Our AMA registers strong objections to the Physicians Committee for Responsible Medicine for implying that physicians who support the use of animals in biomedical research are irresponsible, for misrepresenting the critical role animals play in research and teaching, and for obscuring the overwhelming support for such research which exists among practicing physicians in the United States. (Res. 109, A-90; Reaffirmed: Sunset Report, I-00)
Next, some National Institutes of Health (NIH) information on beta-casomorphin-7, "an internal sequence of human beta-casein that possesses opioid-like activity":

beta-casomorphin-7

(and believe you me, NIH is no friend of animals. they give over $185 million to my university alone for animal tests each year)

And finally, some findings from Dr. Corran McLachlan, also not Neal Barnard, and also not of PCRM:

"When beta casein A1 is digested, the amino acid chain is cut right before histidine at postition 67, releasing a fragment of seven amino acids called beta casomorphin 7 (BCM-7). According to McLachlan, BCM-7 in A1 beta casein has been shown to influence platelet aggregation and LDL oxidation, both factors in heart disease. Rats injected with BCM-7 have exhibited symptoms characteristic of schizophenia. BCM-7 has definitive opiate-like properties."

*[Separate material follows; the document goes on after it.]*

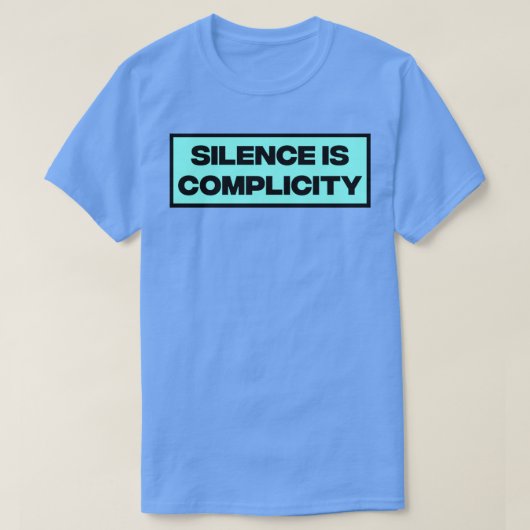 T-shirt Le silence est une complexité (Design devant)
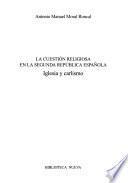 La cuestión religiosa en la Segunda República Española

So yeah, PCRM has been criticized by the AMA because they oppose animal testing. However, their studies appear to be sound, if free of animal exploitation. Please find rebuttal to the existence of beta-casomorphin-7, or studies showing that it behaves differently from other molecules in the morphine family.

Thanks,

Schmeeb'
 
#19 ·
Quote:
Originally Posted by Syntax View Post

Hmm - I find that difficult to accept. Morphine and casein are rather different, and just being similar to morphine is meaningless when talking about any of it's properties. Can you cite something at me on that - the only thing I can find on the PCRM site carefully avoids giving any references at all, which makes me rather suspicious about such claims.
Again, I could be all wrong. But one thing I've experienced - recent vegans crave cheese, and long-time vegans don't. I don't know that my previous citations will be satisfactory for you, but this has been my experience, and the articles seem to make sense.
 
#20 ·
Quote:
Originally Posted by Dr. Schmeebis View Post

I don't know that my previous citations will be satisfactory for you, but this has been my experience, and the articles seem to make sense.
Looks a good start point, thanks. I'll do some reading, and then I'll bring it up again in a new thread in a couple of days, cos this is some serious topic drift otherwise ...
 
#21 ·
I know none of you even probably check these forums any more, however I stumbled across this thread using google and decided to offer some information that has only recently been released by Harvard in September 2011;

This first discusses the new healthy eating plate, which says to limit dairy! I like the way it says healthy protein as well rather than just meat and fish!
http://www.hsph.harvard.edu/nutritio...-eating-plate/

This is another link from Harvard referring to the number of risks that are related to dairy:
http://www.hsph.harvard.edu/nutritio...ilk/index.html

Their approach is interesting, it is not as extreme as the PCRM for instance however, having read lots of research I can say that the advice is slowly leaning towards what is essentially a vegetarian/vegan diet!
 
#23 ·
Closing this thread. It's from 2004 and the Harvard links appear in other threads.